Am 31. August verkündete Präsident Obama auf dem Rasen des Weißen Hauses, dass er entgegen seiner vorherigen Ankündigung nicht in Syrien militärisch eingreifen werde, als Reaktion auf den Einsatz von Chemiewaffen gegen syrische Zivilisten. Damit ist Assads politisches Überleben gesichert. Zumal er bereit ist, seine Chemiewaffen zerstören zu lassen. Nicht zuletzt kommt ihm zugute, dass sich die gemäßigten, nationalistischen Oppositionskräfte als militärisch zu schwach und politisch unfähig erwiesen haben.
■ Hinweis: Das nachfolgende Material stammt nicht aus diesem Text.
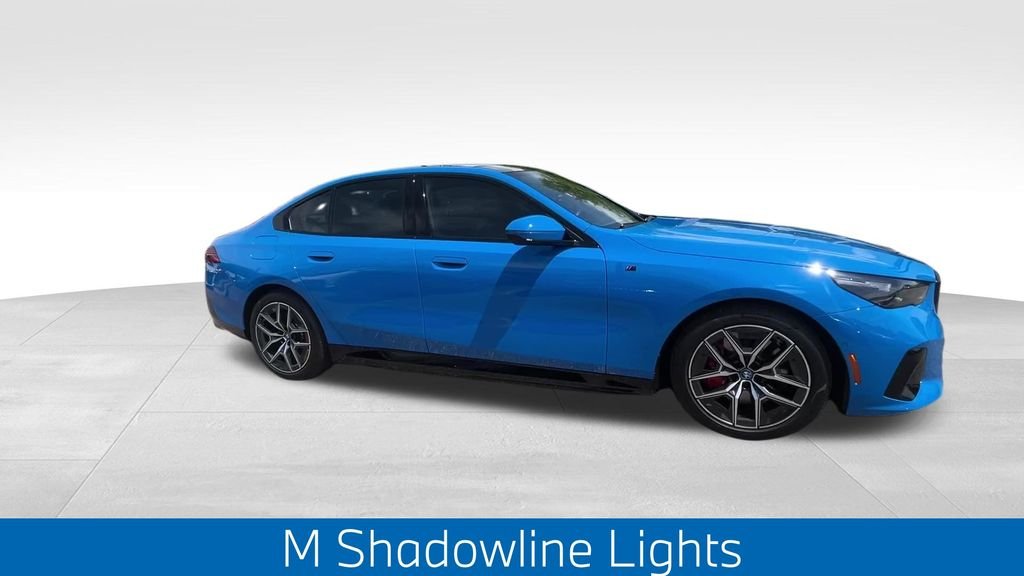 Used 2025  BMW xDrive40 image 14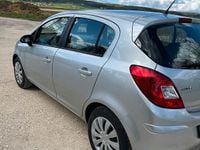 Gebraucht Opel Corsa 95 PS (69 kW) 2013 Silber Kleinwagen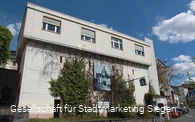 Das Untergeschoss des heutige Universitätsgebäudes am Siegberg beherbergt das Aktive Museum am Standort der ehemaligen Synagoge
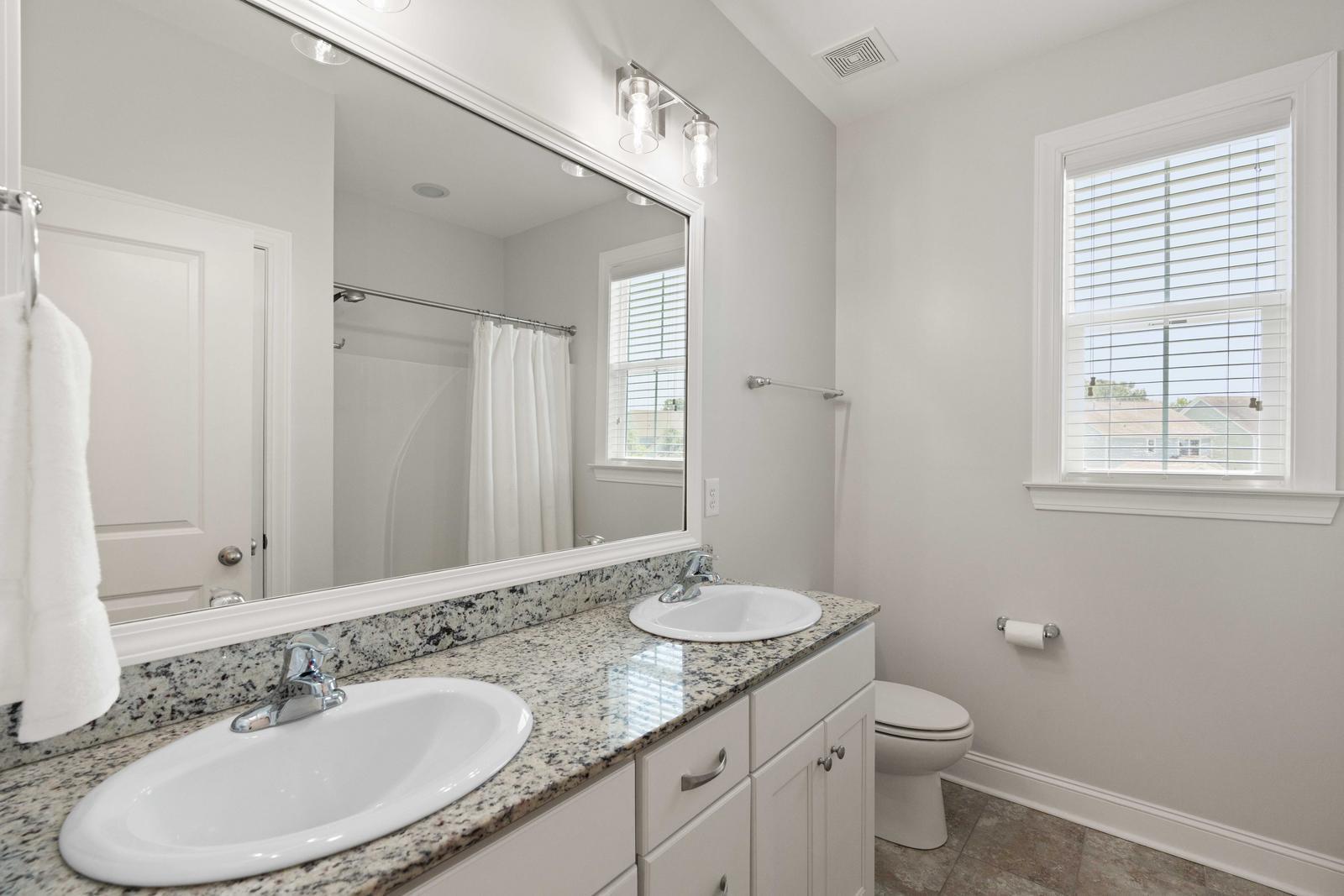 3369 Stockdale Street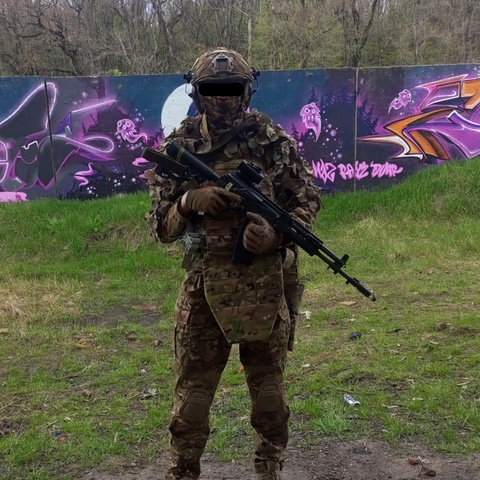 Роман Комаров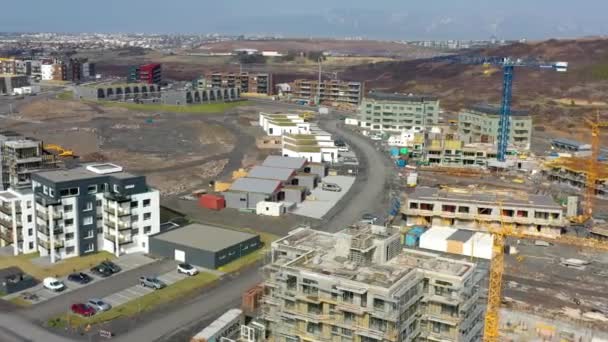 Luftaufnahme Eines Halb Erschlossenen Stadtgebiets Und Fortlaufender Hochbau Laufe Des — Stockvideo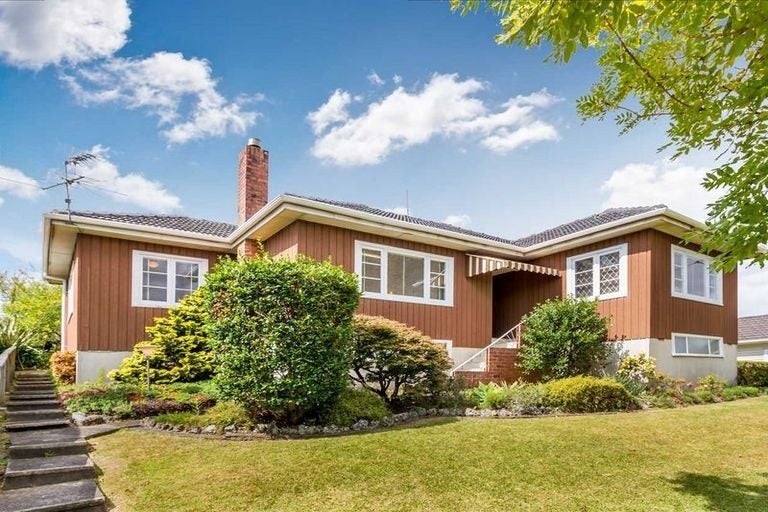 26 Captain Scott Road, Glen Eden, Auckland - Carousel 1
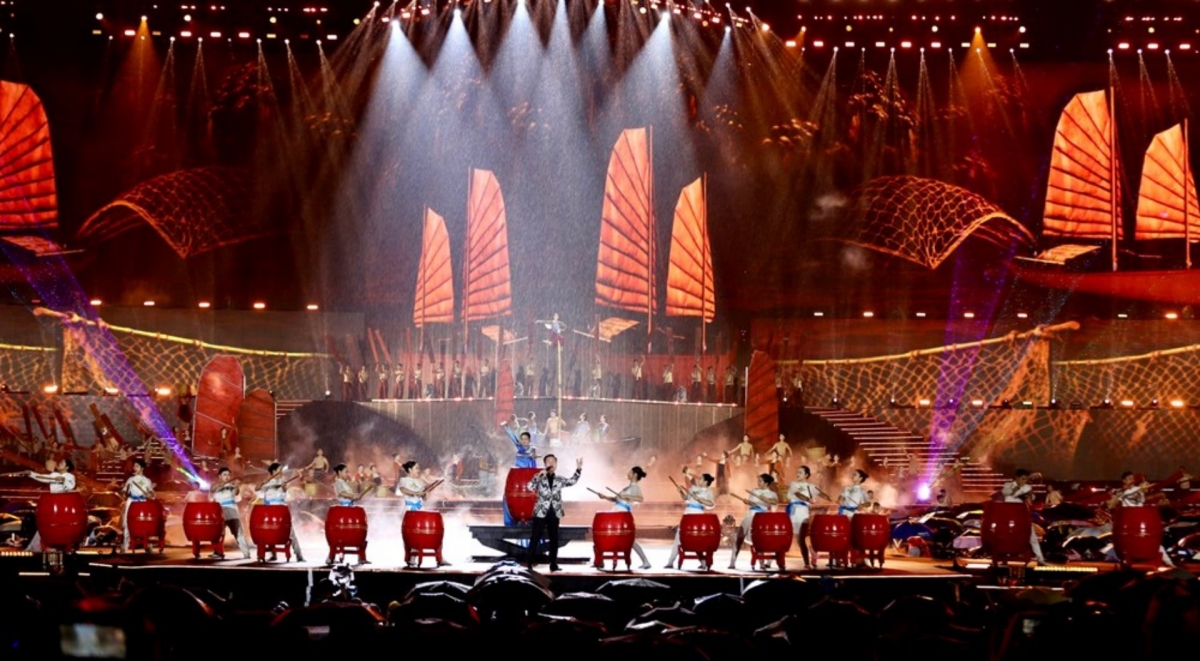 The appeal of tourism in Quang Ninh during the holiday is a series of cultural, sports, and entertainment activities taking place across the province. (Photo: baovanhoa.vn)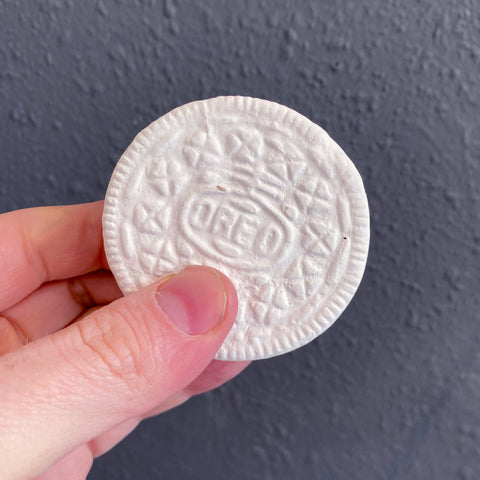 Jacqueline Tse - Porcelain Oreo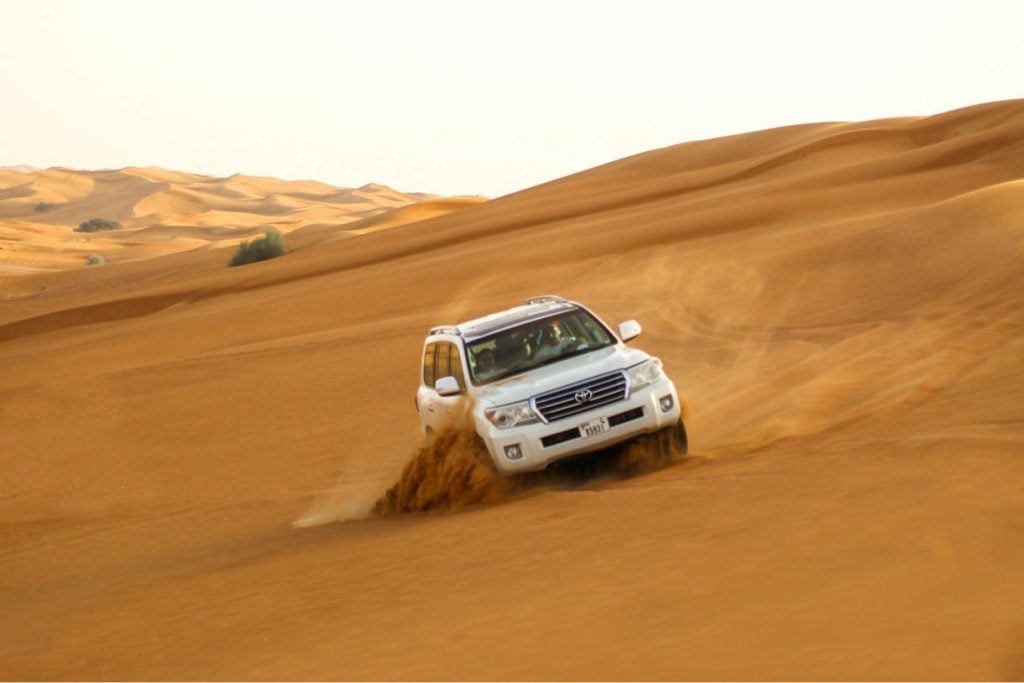 Toyota LandCruiser 70 Series 2024: V8 vs. New 4-Cylinder Turbo-Diesel in the US
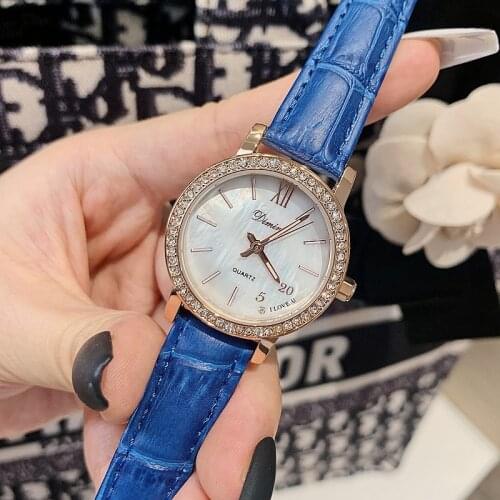 2021 New Women Fashion Watches New Womens Simplicity Casual Quartz Leather Band Watch Analog Wrist Watch Gift montre femme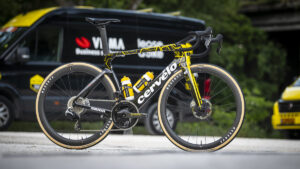 BIKE CHECK - La Cervélo di Van Aert al Giro: un passo indietro sulle pedivelle
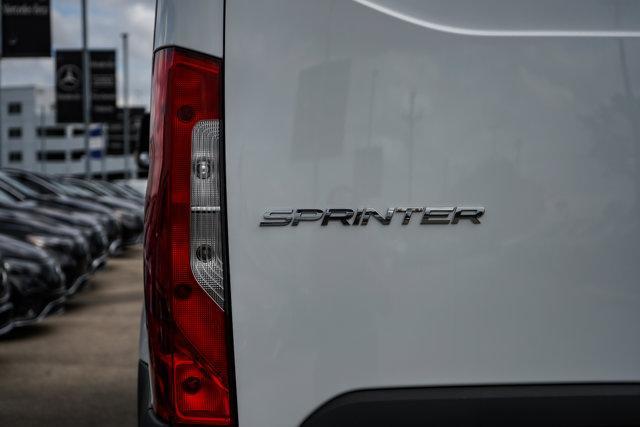 2023 mercedes-benz sprinter 1500 standard roof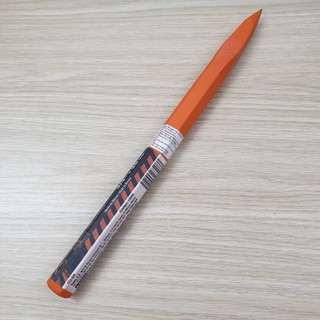 3/4" Đục lấy dấu Truper 13050 (CU-3/4) - Mũi đục này là loại đầu nhọn, dài 30cm - làm từ kim loại nên có độ cứng cao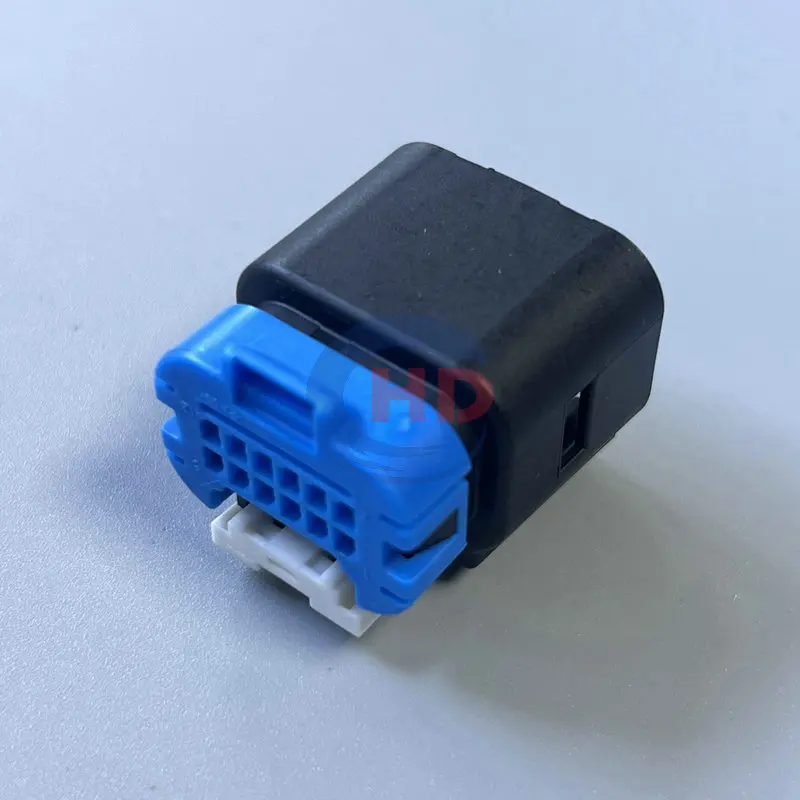 

1-20 sets 4pin auto wiring harness plug cable electric plug connector 13678638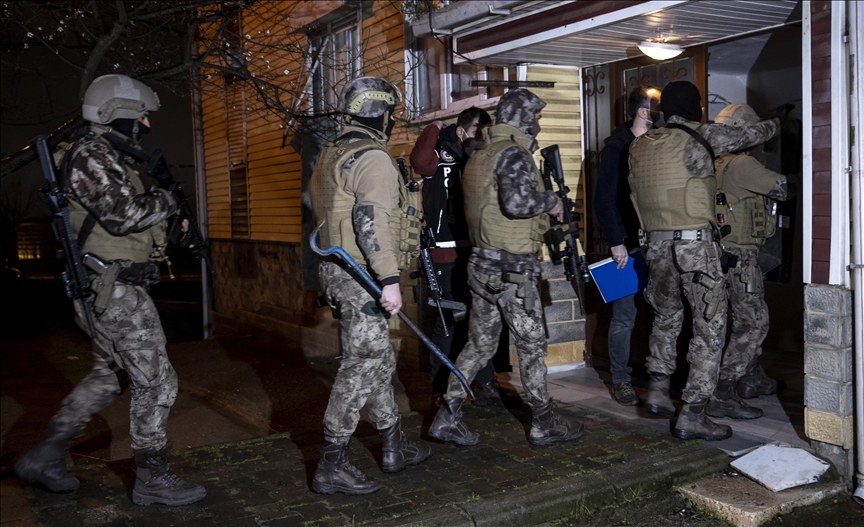 İstanbul'da uyuşturucu operasyonunda 25 adrese baskın yapıldı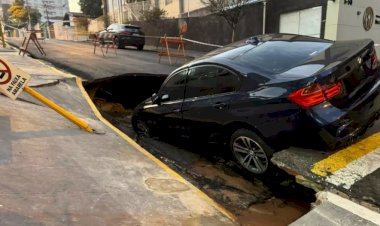 Asfalto afunda e engole carro de luxo no centro de Bauru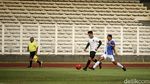Foto-foto Zulkifli Hasan Main Bola Lawan Kaesang
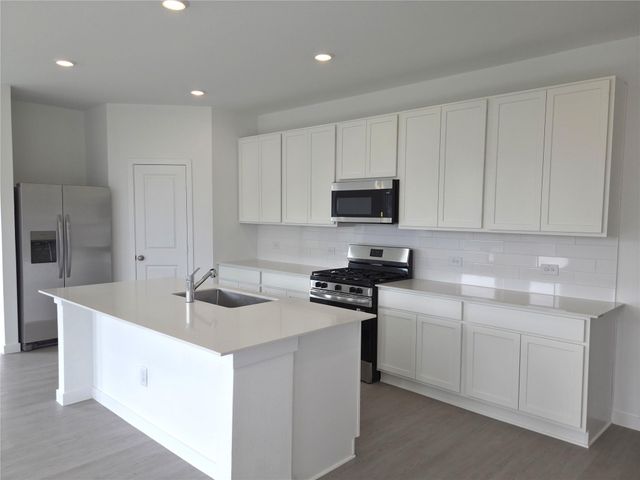6511 Silver Emperor Lane, Needville, TX 77461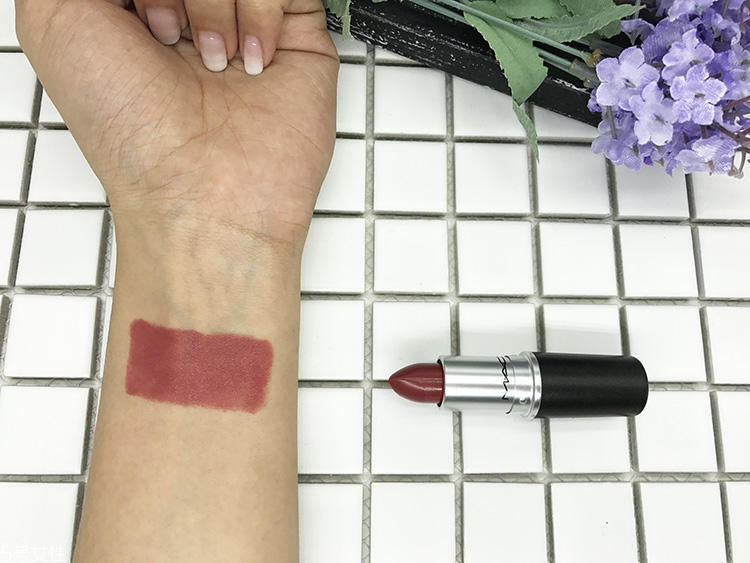 mac brick o la口紅日常嗎？mac brick o la上嘴圖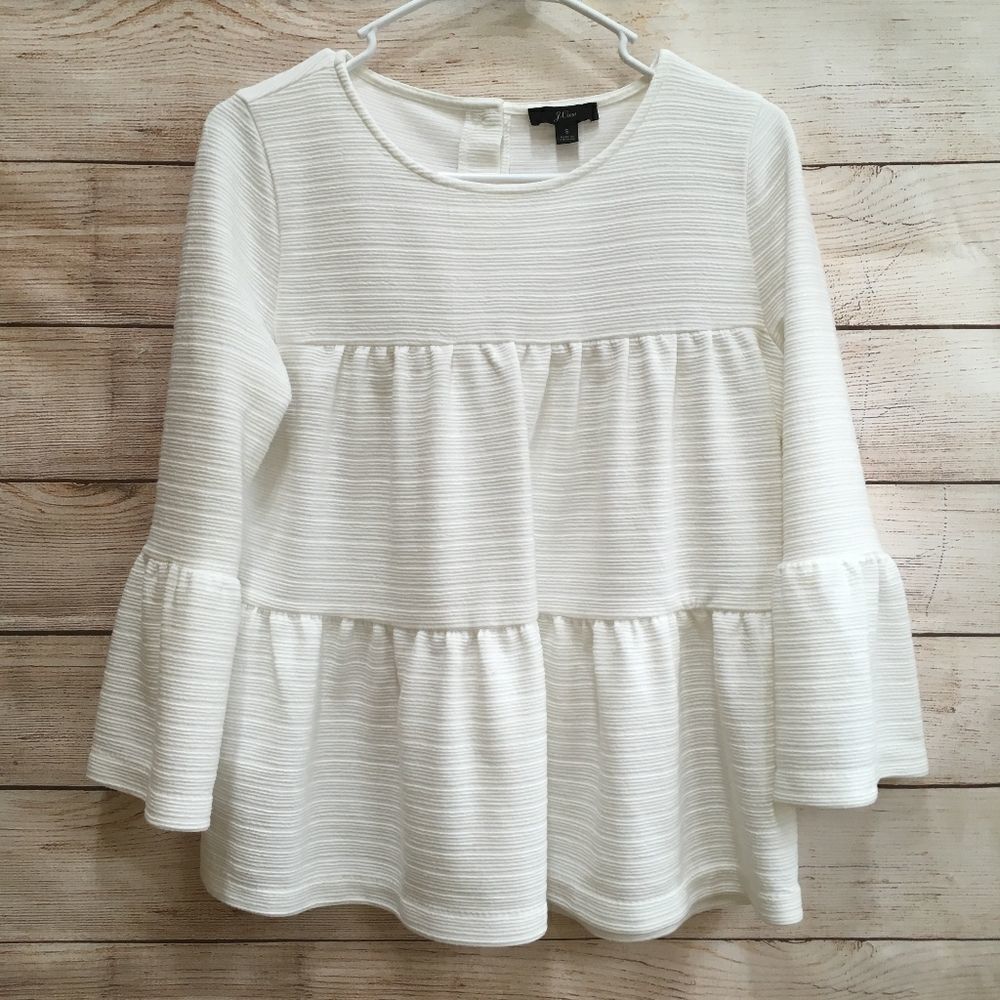 J CREW TIERED TOP IN WHITE RIBBED KNIT‎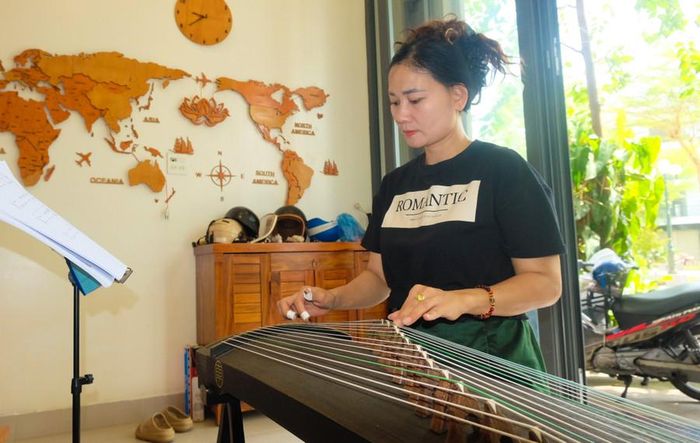  Là người làm công việc văn phòng, chị Ngô Thị Thu Hương (phường Quy Nhơn) theo học đàn cổ tranh như cách giải tỏa những căng thẳng trong công việc. Ảnh: Ngọc Nhuận 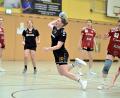 Archivbild: Hubert Ziegler
Tina Lösch (am Ball) und die Handballerinnen der HG Amberg empfangen am Samstag den HC Forchheim.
Die „Syrische Nationale Allianz“ mit Sitz in Istanbul, auf der zunächst die Hoffnungen des Westens ruhten, ist in erster Linie mit sich selbst beschäftigt, die „Freie Syrische Armee“ befindet sich im Zustand der Auflösung.
Die verwaisten Botschaften in Damaskus werden bald wieder eröffnet
Sehr zur Verärgerung Saudi-Arabiens und der türkischen Regierung nähern sich die USA, aber auch die Europäer gegenwärtig wieder dem Assad-Regime an. Der Grund ist der wachsende Vormarsch von Al-Kaida und anderer gewaltbereiter Dschihad-Gruppen in Syrien. Vor die Wahl gestellt, sich entweder mit Assad zu arrangieren oder aber das Land radikalen Islamisten und dem Chaos zu überlassen, entscheidet sich der Westen gegenwärtig für Assad. Die verwaisten Botschaften in Damaskus stehen kurz vor der Wiedereröffnung. Militäranalysten schätzen die Stärke der syrischen Rebellen auf 100.000 Kämpfer, die sich auf rund 1.000 Gruppen, Grüppchen und Banden aufteilen.
Etwa 90 Prozent der Aufständischen kommen aus den Reihen der Dschihadisten, die ihrerseits zwei Richtungen erkennen lassen. Die „Dschihad Light“-Variante kämpft für einen Gottesstaat in Syrien, ohne eine Agenda über Syrien hinaus zu verfolgen. Die „Hardcore“- Dschihadisten aus dem Al-Kaida-Umfeld sehen Syrien als Sprungbrett für den Kampf gegen den Westen, gegen Israel und für eine generelle Abrechnung mit den ihnen verhassten Schiiten. Viele ihrer Kämpfer sind aus dem Ausland eingesickert, auch aus Deutschland und Europa. In den Gebieten, die unter ihrer Kontrolle stehen, haben sie ein wahres Terrorregime errichtet und schlagen ihren Gegnern mit Vorliebe den Kopf ab.
Angesichts dieser Gefechtslage dürfte Assad erst einmal an der Macht bleiben. Und möglicherweise bald schon ein gefragter Bündnispartner im Kampf gegen Al-Kaida sein. Der für Januar geplanten Syrienkonferenz in Genf kann das syrische Regime gelassen entgegensehen. Der Krieg aber und das Leid der Bevölkerung werden auf Jahre, wenn nicht Jahrzehnte weitergehen.